In this way, the charge for a single resolution divided into three parts, one part of which with one of the parts of the cargo for the vertically adjacent beard, namely, for example, immediately above Trigger cell is merged while another Part of the cargo merged with one of the parts of the cargo is inserted, which is formed in that dissolving cell which, for example, go down to the individual Cell is adjacent. Hence the actual selection frequency twice as usual.

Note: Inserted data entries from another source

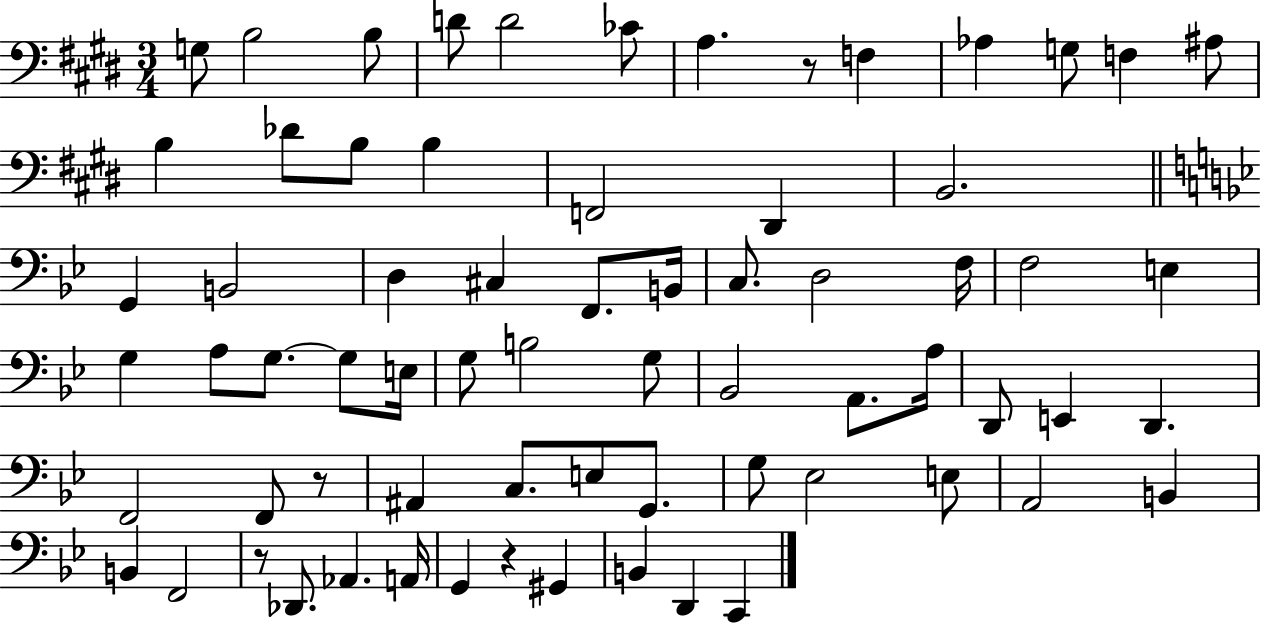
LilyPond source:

{
  \clef bass
  \numericTimeSignature
  \time 3/4
  \key e \major
  g8 b2 b8 | d'8 d'2 ces'8 | a4. r8 f4 | aes4 g8 f4 ais8 | \break b4 des'8 b8 b4 | f,2 dis,4 | b,2. | \bar "||" \break \key bes \major g,4 b,2 | d4 cis4 f,8. b,16 | c8. d2 f16 | f2 e4 | \break g4 a8 g8.~~ g8 e16 | g8 b2 g8 | bes,2 a,8. a16 | d,8 e,4 d,4. | \break f,2 f,8 r8 | ais,4 c8. e8 g,8. | g8 ees2 e8 | a,2 b,4 | \break b,4 f,2 | r8 des,8. aes,4. a,16 | g,4 r4 gis,4 | b,4 d,4 c,4 | \break \bar "|."
}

As described in detail above, thus a solid-state imaging element with a charge memory part with which a signal charge for a respective Resolution cell is storable, and a device ge create that for dividing up in this cargo storage partially held charge and to add the divided Parts of the charges are used, creating output signals for on Solution zones can be achieved in the gaps between at least two consecutive resolutions cells are centered. This gives the advantage that Pseudo-resolving power of the image pickup element is increased. It is possible without using anyone complicated circuit device as in the prior art Technology to achieve a better effect. Another  Advantage that derar from the manufacturing possibility term device in a single semiconductor die of the image pickup element is that the Space requirements and the dimensions of an image acquisition device tion can be reduced to a minimum who uses this imaging element. So that is a great fort especially with the image recording element step down in size and the weight of the device achieved.

Claims (9)

1. Solid-state image sensor with at least one light receiving and charge shifting arrangement, which receives the pixels corresponding to a line of incident light simultaneously, stores them in the form of signal charges and then shifts them to an output coupled to the respective arrangement, from which the signal charges can be read out serially, characterized by
a storage device ( 6 ) arranged in front of the respective output ( 3, 5 ) of each light receiving and charge shifting arrangement ( 1, 2; 1, 19 ), in which the signal charges can be briefly stored before being read out, and by
a switching device ( 7 to 10 ) with which the signal charges stored in the storage device ( 6 ) can be split into several partial loads and adjacent partial charges can be added to one another. 2. Solid-state image sensor according to claim 1, characterized in that the output stage ( 3, 5 ) has a charge / voltage converter ( 3 ) which converts the charge into a corresponding voltage, and has an output terminal ( 5 ). 3. Solid-state image sensor according to claim 2, characterized in that the charge / voltage converter ( 3 ) is a source follower circuit. 4. Solid-state image sensor according to claim 2 or 3, marked by a gate electrode ( 15 ) which derives the charge from the charge / voltage converter ( 3 ). 5. Solid-state image sensor according to one of the preceding claims, characterized in that the switching device ( 7 to 10 ) has a first switching element ( 7 ) which controls the displacement of the signal charges from the displacement part ( 2 ) to the storage device ( 6 ) , has a second switching element ( 8 ) which controls the displacement of the signal charges from the storage device ( 6 ) to the output ( 3, 5 ), and has two further switching elements ( 9, 10 ) which the storage device ( 6 ) uses by means of potential thresholds in Splits parts with a predetermined part ratio. 6. Solid-state image sensor according to claim 5, dadrch marked records that the predetermined part ratio is 1: 2: 1. 7. Solid-state image sensor according to claim 5 or 6, characterized in that the switching elements of the switching device ( 7 to 10 ) are gate electrodes. 8. Solid state image sensor according to one of the preceding An sayings, characterized in that it is in a line scythe sensor or can be used in a surface sensor. 9. Solid state image sensor according to one of the preceding An sayings, characterized in that he is on a single Semiconductors can be formed.